▶ Required action
Where in the data below does the word "Mountain" appear? Copy every line that has it.

Dataset items:
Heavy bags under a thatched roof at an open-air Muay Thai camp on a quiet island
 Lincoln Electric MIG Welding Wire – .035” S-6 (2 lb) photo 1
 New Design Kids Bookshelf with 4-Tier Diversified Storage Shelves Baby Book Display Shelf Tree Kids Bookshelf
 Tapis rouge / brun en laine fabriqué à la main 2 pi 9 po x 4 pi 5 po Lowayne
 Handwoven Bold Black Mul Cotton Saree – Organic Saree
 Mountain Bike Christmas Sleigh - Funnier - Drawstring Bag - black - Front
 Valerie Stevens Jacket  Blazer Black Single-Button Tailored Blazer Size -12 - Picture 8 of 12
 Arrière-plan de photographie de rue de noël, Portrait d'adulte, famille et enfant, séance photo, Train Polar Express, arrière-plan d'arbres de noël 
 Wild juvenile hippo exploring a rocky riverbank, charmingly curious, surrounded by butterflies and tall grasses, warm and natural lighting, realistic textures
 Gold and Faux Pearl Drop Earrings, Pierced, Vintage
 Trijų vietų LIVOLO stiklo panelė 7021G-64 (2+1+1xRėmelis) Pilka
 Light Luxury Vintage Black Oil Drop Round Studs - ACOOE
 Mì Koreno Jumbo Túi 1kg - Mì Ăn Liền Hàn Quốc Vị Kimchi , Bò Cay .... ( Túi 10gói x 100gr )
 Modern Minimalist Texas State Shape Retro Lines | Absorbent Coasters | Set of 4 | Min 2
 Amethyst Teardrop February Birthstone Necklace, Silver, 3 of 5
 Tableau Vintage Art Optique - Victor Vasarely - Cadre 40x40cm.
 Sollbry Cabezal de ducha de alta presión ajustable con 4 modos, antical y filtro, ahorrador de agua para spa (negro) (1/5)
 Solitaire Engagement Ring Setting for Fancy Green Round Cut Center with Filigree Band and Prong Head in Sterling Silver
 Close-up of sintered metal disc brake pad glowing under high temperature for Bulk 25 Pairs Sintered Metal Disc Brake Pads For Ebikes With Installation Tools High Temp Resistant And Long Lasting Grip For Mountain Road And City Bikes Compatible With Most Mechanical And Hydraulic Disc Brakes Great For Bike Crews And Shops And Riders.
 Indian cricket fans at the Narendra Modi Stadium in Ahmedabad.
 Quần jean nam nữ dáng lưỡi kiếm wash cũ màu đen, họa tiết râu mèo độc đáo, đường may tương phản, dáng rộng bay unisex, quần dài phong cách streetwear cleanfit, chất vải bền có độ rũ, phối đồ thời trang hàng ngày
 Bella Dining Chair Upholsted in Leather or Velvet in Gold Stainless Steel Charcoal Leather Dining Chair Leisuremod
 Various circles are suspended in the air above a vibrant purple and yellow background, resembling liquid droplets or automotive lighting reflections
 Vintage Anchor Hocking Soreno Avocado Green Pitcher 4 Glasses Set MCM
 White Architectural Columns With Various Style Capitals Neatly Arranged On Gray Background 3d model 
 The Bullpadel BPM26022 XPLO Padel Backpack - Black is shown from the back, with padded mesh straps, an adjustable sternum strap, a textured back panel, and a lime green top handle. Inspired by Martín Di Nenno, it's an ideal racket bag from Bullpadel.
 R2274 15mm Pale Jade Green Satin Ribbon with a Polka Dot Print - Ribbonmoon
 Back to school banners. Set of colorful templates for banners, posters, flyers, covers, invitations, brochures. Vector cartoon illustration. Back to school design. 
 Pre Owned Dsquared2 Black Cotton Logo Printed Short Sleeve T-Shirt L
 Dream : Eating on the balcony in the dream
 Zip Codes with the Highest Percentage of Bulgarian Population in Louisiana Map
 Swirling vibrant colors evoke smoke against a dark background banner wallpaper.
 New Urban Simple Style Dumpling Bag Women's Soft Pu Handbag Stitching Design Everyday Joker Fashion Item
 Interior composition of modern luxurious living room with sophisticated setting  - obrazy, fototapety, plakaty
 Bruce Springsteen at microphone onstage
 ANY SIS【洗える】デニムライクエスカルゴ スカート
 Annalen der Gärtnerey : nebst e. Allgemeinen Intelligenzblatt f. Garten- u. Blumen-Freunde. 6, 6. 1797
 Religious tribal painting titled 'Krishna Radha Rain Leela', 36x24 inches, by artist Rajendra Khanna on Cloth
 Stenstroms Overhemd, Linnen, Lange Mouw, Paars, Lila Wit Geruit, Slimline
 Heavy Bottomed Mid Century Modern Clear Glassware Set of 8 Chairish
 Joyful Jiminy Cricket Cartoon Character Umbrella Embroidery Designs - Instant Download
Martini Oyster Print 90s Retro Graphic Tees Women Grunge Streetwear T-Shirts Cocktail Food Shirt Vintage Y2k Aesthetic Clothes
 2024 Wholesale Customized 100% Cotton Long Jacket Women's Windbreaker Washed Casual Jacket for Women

▶ Result
 Mountain Bike Christmas Sleigh - Funnier - Drawstring Bag - black - Front
 Close-up of sintered metal disc brake pad glowing under high temperature for Bulk 25 Pairs Sintered Metal Disc Brake Pads For Ebikes With Installation Tools High Temp Resistant And Long Lasting Grip For Mountain Road And City Bikes Compatible With Most Mechanical And Hydraulic Disc Brakes Great For Bike Crews And Shops And Riders.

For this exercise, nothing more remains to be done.